Retirees like Gwendolyn Beasley, 67 years old, who worked 34 years for Detroit as a library clerk has an annual pension of $13,085. Ms. Beasley’s pension could be decimated in the very near future.

A judge declared Detroit eligible for bankruptcy and ruled that pensions aren’t protected from potential cuts. Five months after the city filed for Chapter 9 protection, U.S. Bankruptcy Judge Steven Rhodes said Detroit was entitled to reorganize under bankruptcy law, describing his ruling as a “fresh start” for the city.
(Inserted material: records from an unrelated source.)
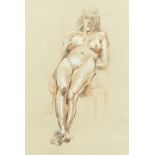 Peter Collins, a seated nude, chalk and charcoal, 14"x9". Provenance: Collins Studio Sale.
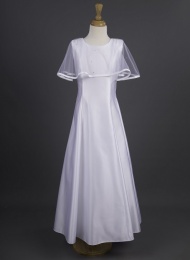 White Princess Capelet Communion Dress - Carrie by Millie Grace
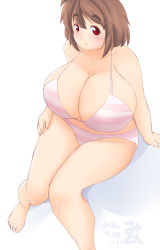 Rule 34 | 1girl, blush, breasts, brown hair, cleavage, eno konoe, huge breasts, looking at viewer, mikomu, original, parted lips, plump, red eyes, sitting, solo, swimsuit, thick eyebrows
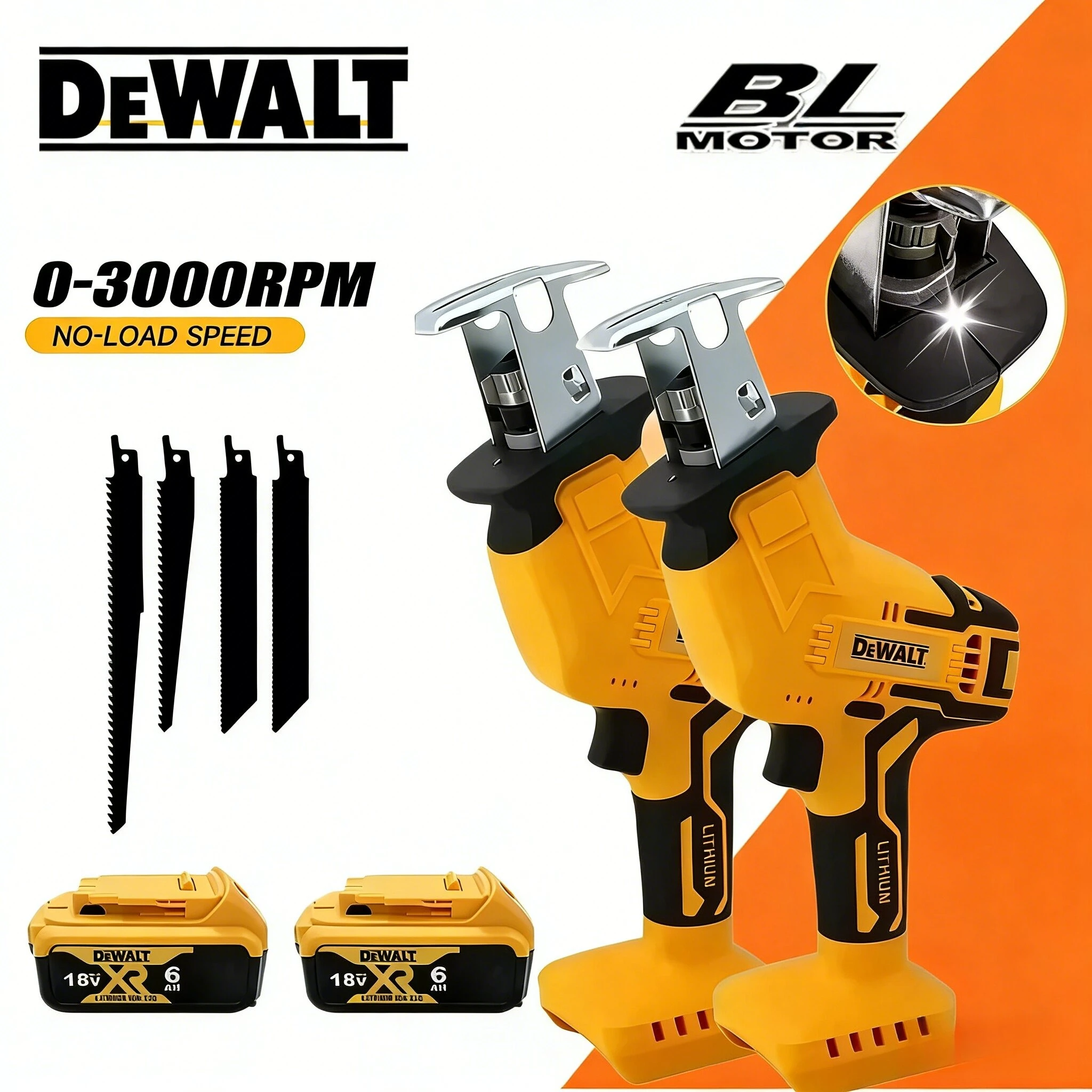 

Dewalt Brushless 2800RPM Reciprocating Saw Electric Saw Multifunctional Metal Wood Pipe Cutting Saw Power Tool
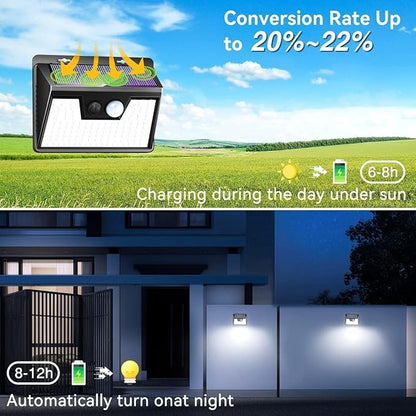 Peasur Solar Lights Outdoor Motion Sensor, 140 LED Solar Powered Fence Light Waterproof, 3 Modes Security Wall Lighting for Outside Deck Yard
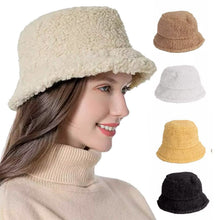 Load image into Gallery viewer, Winter Bucket Hat Women Warm Hats Vintage Faux Fur Fisherman Cap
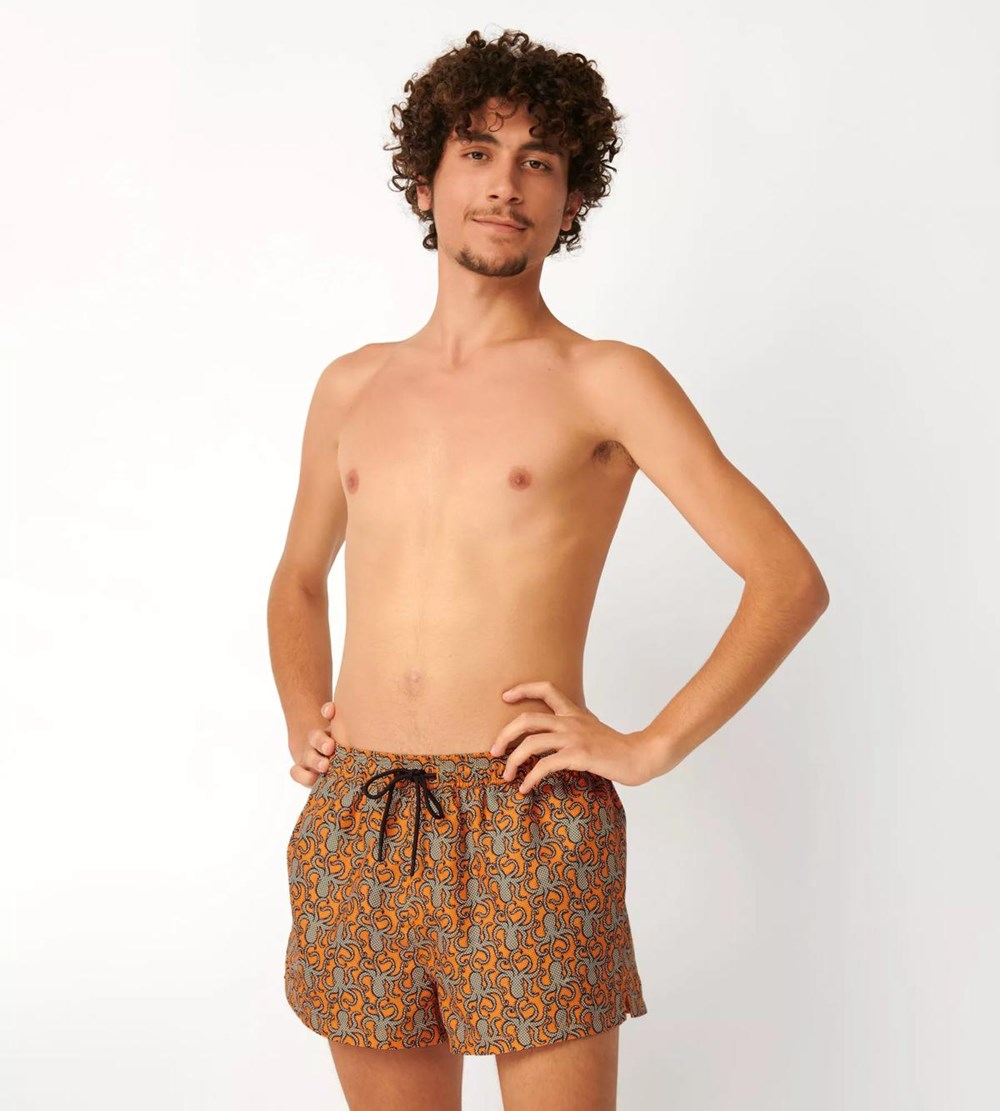 Sloggi Shore Spiny Puffer Swimshorts Yellow - Dark Combination | 61309-QDTG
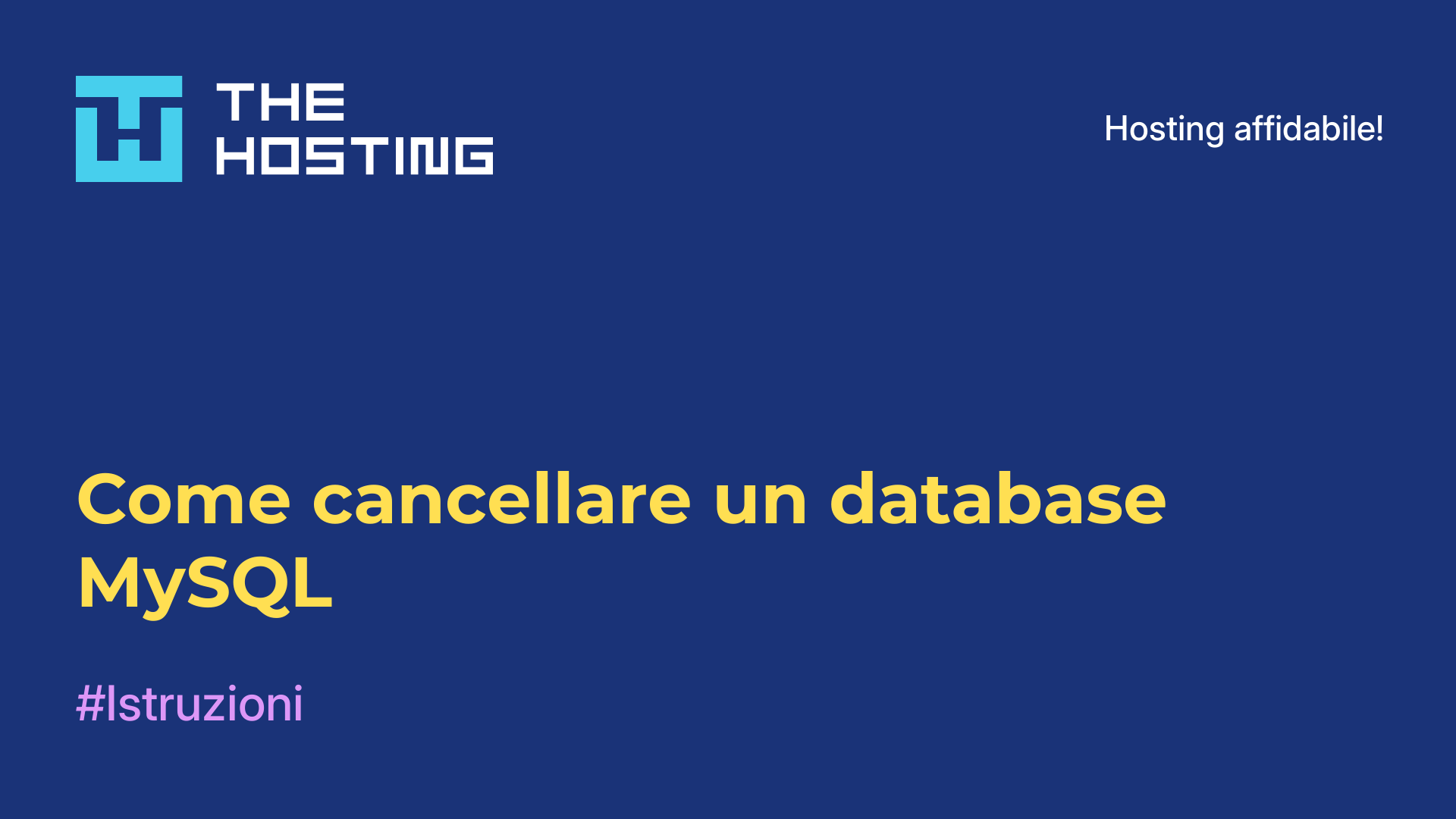 Come cancellare un database MySQL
Judge Rhodes said Detroit’s public pension holders aren’t entitled to special protection from potential cuts – despite a Michigan state constitutional provision aimed at shielding pensions. “Pension rights are contract rights under the Michigan constitution” and contracts are at risk for cuts under federal bankruptcy law.

Detroit plans on unveiling a proposal in January 2014 to restructure its estimated $18 billion in long-term debt, which makes it the largest-ever municipal bankruptcy in U.S. History.

The city’s unfunded pension liability has been estimated at between $3.5 billion and $8 billion.  The pension funds would undoubtedly receive only a fraction of what they are owed. The pension cuts will have a devastating on city employees and retirees who hoped state law would protect their pensions.